TASK BRIEF:
Emit the data below verbatim, stripping out any pictures.

DATA BLOCK:
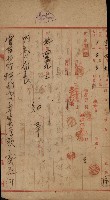 官有地整理費豫算關係書類
（地理系）藏品圖，第568張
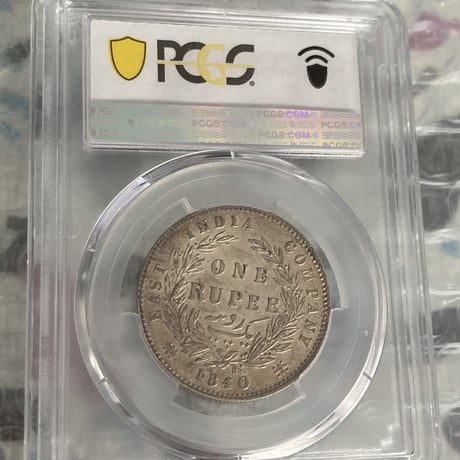 ヤングヘッド ヴィクトリア女王 PCGS鑑定MS62 スモールダイヤモンド 1840年 英領インド 1ルピー銀貨 シルバー アンティークコイン 英国 イギリス ウィリアム・ワイオン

ANSWER TO THE EXERCISE:
 官有地整理費豫算關係書類
（地理系）藏品圖，第568張
 ヤングヘッド ヴィクトリア女王 PCGS鑑定MS62 スモールダイヤモンド 1840年 英領インド 1ルピー銀貨 シルバー アンティークコイン 英国 イギリス ウィリアム・ワイオン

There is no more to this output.